Extradition de François Compaoré : La CEDH oppose une fin de non-recevoir

Extradition de François Compaoré : La CEDH oppose une fin de non-recevoir

C’était le dernier verrou qui devait sauter pour ouvrir la voie à l’extradition de François Compaoré vers le Burkina Faso, mais il n’a pas plié. Dans un arrêt, daté du jeudi 7 septembre 2023, la Cour européenne des droits de l’homme (CEDH) a rejeté la demande d’extradition de François Compaoré vers le Burkina Faso. Cette décision intervient plus de deux ans après le décret pris par la France autorisant l’extradition du frère cadet de Blaise Compaoré poursuivi pour des faits «d’incitation à assassinats» du directeur de publication du journal L’Indépendant Norbert Zongo et de ses trois compagnons le 13 décembre 1998.

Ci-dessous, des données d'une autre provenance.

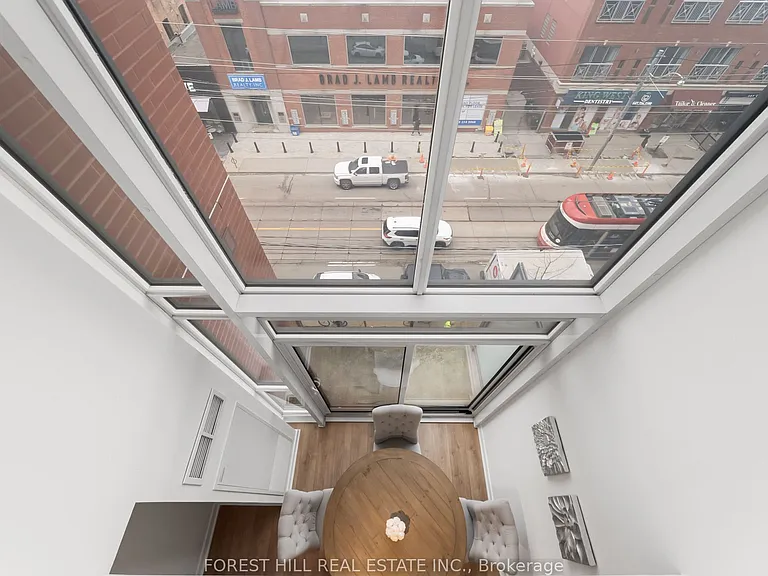 775 King St W #425 — Photo 18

Deux coups d’Etat changent le contexte politique

Le feuilleton judiciaire que constituait cette affaire et qui retient les attentions semble se renfermer sur cette note de la CEDH qui estime que la situation politico-sécuritaire n’est pas favorable à une extradition de l’ex-conseiller spécial de la présidence du Faso. Selon la Cour, le contexte politique burkinabè a changé depuis que le pays avait subi deux coups d’État militaires. De ce fait, estime- t-elle, «il n’existe plus en l’espèce les mêmes éléments permettant de s’assurer de la fiabilité des assurances fournies par le Burkina Faso par le passé et sur lesquelles les autorités internes se sont exclusivement fondées pour motiver leurs décisions accordant l’extradition du requérant».

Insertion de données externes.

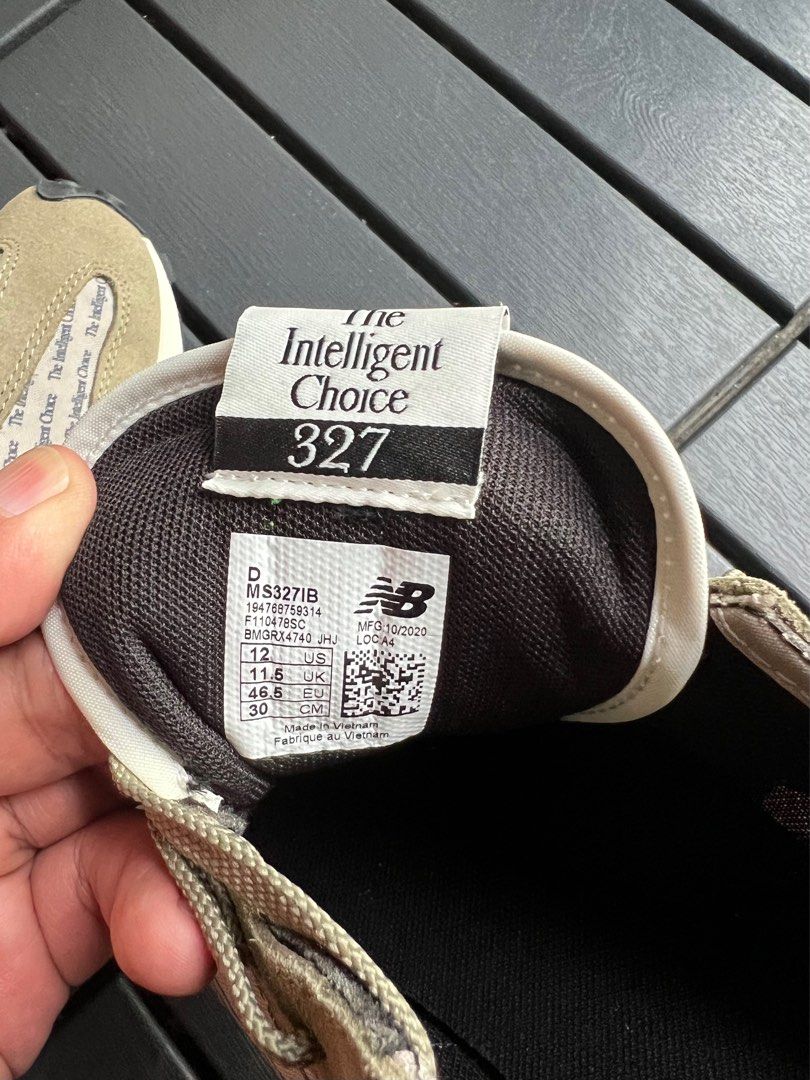 New Balance Shoes 327, Men's Fashion, Footwear, Sneakers on Carousell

Elle explique que «l’extradition de François Compaoré constituerait  une violation de l’article 3 de la Convention de sauvegarde des droits de l’homme et des libertés fondamentales, en son volet procédural en cas d’extradition du requérant vers le Burkina Faso, faute d’une appréciation ex Nunc par les autorités françaises du risque qu’il allègue encourir en cas de mise en exécution de la mesure de remise à l’Etat qui demande son extradition». Ainsi, elle affirme «qu’il est souhaitable dans l’intérêt du bon déroulement de la procédure, de ne pas extrader le requérant jusqu’à ce que le présent arrêt devienne définitif ou qu’elle rende une autre décision à cet égard». Elle juge donc qu’il y aurait «violation de l’article 3 de la Convention européenne des droits de l’homme («nul ne peut être soumis à la torture ni à des peines ou traitements inhumains ou dégradants»), en son volet procédural en cas de mise à exécution du décret d’extradition sans réexamen préalable de la validité et de la fiabilité des assurances diplomatiques fournies par le Burkina Faso». A cet effet, la Cour européenne des droits de l’homme exhorte Paris à réexaminer le décret autorisant l’extradition du frère cadet de l’ancien président Blaise Compaoré. Au titre des frais et dépens, l’Etat du Burkina Faso doit verser la somme de 15 000 euros (9 825 000 Francs CFA) au requérant pour frais et dépens dans un délai de trois mois. François Compaoré avait demandé 100 000 euros (65 500 000 F CFA). Notons que pour l’heure, la décision de la CEDH n’est pas définitive, et laisse la porte ouverte à un recours auprès de la Grande Chambre.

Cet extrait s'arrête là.